Senior Clinical Research Associate

Role Overview

• Develop strong site relationships and ensures continuity of site relationships through all phases of the trial.
• Performs, with oversight, clinical study site management/monitoring activities in compliance with ICH-GCP, Sponsor SOPs, Local Laws & Regulations, Protocol, Site Monitoring Plan and associated documents.
• Gain in-depth understanding of the study protocol and related procedures.
• Coordinate & manage various tasks in collaboration with other internal roles to achieve Site Readiness.
• Participate & provide input on site selection and validation activities.
• Perform remote and on-site monitoring & oversight activities using various tools to ensure:
• Data generated at site are complete, accurate and unbiased.
• Subjects’ right, safety and well-being are protected.
• Conducts site visits including but not limited to evaluation visits, initiation visits, monitoring visits, close-out visits and records clear, comprehensive and accurate visit & non-visit contact reports appropriately in a timely manner.
• Collect, review, and monitor required regulatory documentation for study start-up, study maintenance and study close-out.
• Communicate with Investigators and site staff on issues related to protocol conduct, recruitment, retention, protocol deviations, regulatory documentation, site audits/inspections and overall site performance.
• Identify, assess and resolve site performance, quality or compliance problems and escalates as appropriate in collaboration with Clinical Research Lead and CRA line manager.
• Manage and maintain information and documentation in CTMS, eTMF and various other systems as appropriate and per timelines.
• Supports audit/inspection activities as needed.
• Travel Requirements up to 75%.

Requirements

• Bachelor’s degree with 3 years’ experience as a Clinical Research Associate or equivalent combination of education, training and experience.

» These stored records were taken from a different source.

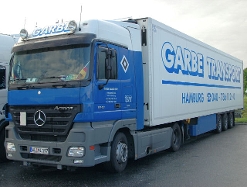 MB-Actros-MP2-1846-Garbe-Schiffner-180806-01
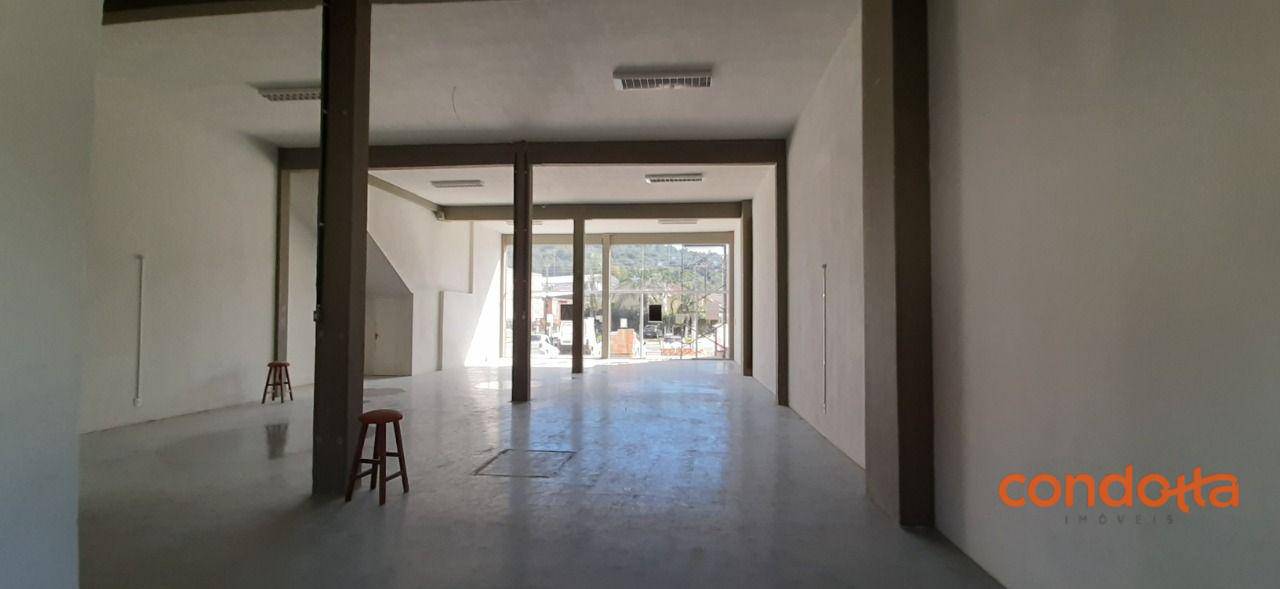 Loja-Salão para alugar, 200m² - Foto 9
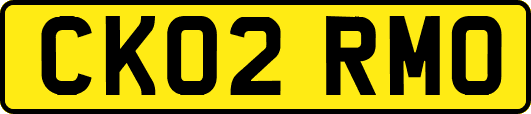 CK02RMO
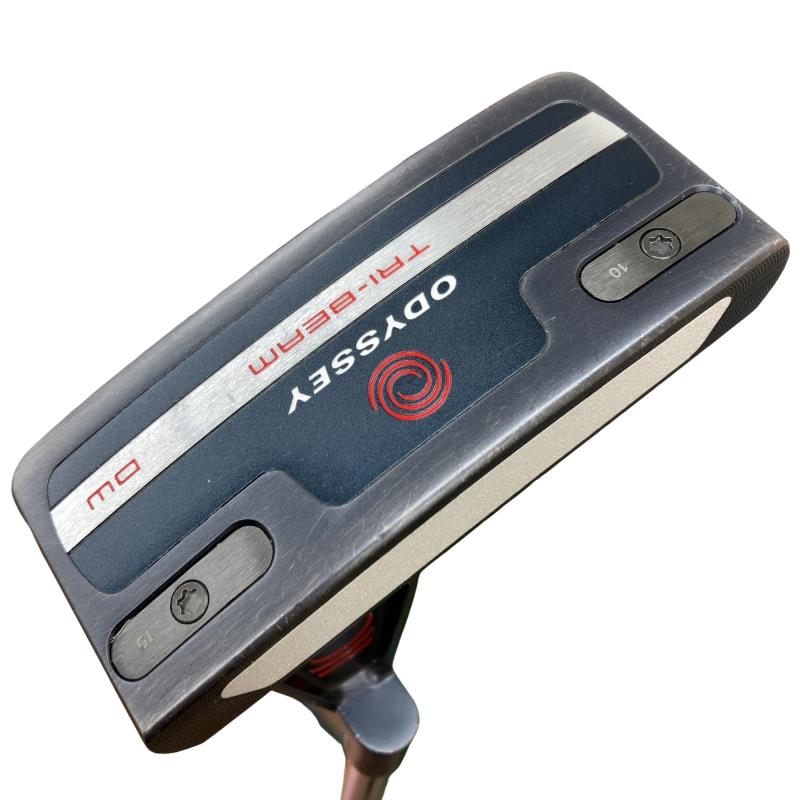 �s�q�h�|�a�d�`�l�@�c�n�t�a�k�d�@�v�h�c�d�@�R�R�C���`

Years of experience may be considered in lieu of education.
• Ophthalmic experience is strongly preferred.
• Capacity to routinely assess protocol and GCP compliance.
• Ability to understand how to properly assess an investigative site’s capabilities to conduct clinical research.
• Demonstrated ability to verify source data to reported data.
• Ability to monitor and report on the progress of the trial from start-up to completion.
• Knowledge of how to select and qualify an investigative site.
• Strong attention to detail to review the completeness of the investigator site file. Knowledge to reconcile and return/destroy test articles while conducting initiation, interim, and close-out visits.
• Advanced knowledge of the federal regulations governing research and the standards defining Good Clinical Practices (GCPs).
• Ability to read and demonstrate comprehension of a clinical research protocol as well as understand the importance of following the protocol.
• Proficiency with Excel, CTMS, and EDC.
• Multilingual communication is a plus.

Tech Stack

• Google Cloud Platform

Benefits

• Offering comprehensive healthcare options in Medical, Dental and Vision beginning day 1.
• Providing you the freedom to unwind and recharge when you need to in addition to 14 company paid holidays.
• Competitive salaries along with a 401K plan through Fidelity with company match.
• Adoption and fertility assistance provided along with offering 16 weeks paid Parental Leave.
• Offering peace of mind to help you and your family feel secure.
• We'll reimburse you to support your remote workspace and wellness purchases.
• No matter what issues you're facing, New Directions is here to help you and your family.
• Continued opportunities to grow and develop your career journey.
• Opportunities to work with colleagues across the globe.
• A chance to research new ophthalmic therapies that will impact patients across the globe.